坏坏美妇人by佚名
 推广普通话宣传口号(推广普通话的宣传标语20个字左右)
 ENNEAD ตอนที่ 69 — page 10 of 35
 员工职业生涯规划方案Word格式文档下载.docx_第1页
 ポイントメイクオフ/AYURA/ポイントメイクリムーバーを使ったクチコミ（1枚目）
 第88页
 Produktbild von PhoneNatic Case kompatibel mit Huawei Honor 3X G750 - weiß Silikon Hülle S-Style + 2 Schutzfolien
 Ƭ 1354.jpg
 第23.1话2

**WHAT TO WORK ON**
Line by line, reproduce the data exactly.

**YOUR RESPONSE**
坏坏美妇人by佚名
 推广普通话宣传口号(推广普通话的宣传标语20个字左右)
 ENNEAD ตอนที่ 69 — page 10 of 35
 员工职业生涯规划方案Word格式文档下载.docx_第1页
 ポイントメイクオフ/AYURA/ポイントメイクリムーバーを使ったクチコミ（1枚目）
 第88页
 Produktbild von PhoneNatic Case kompatibel mit Huawei Honor 3X G750 - weiß Silikon Hülle S-Style + 2 Schutzfolien
 Ƭ 1354.jpg
 第23.1话2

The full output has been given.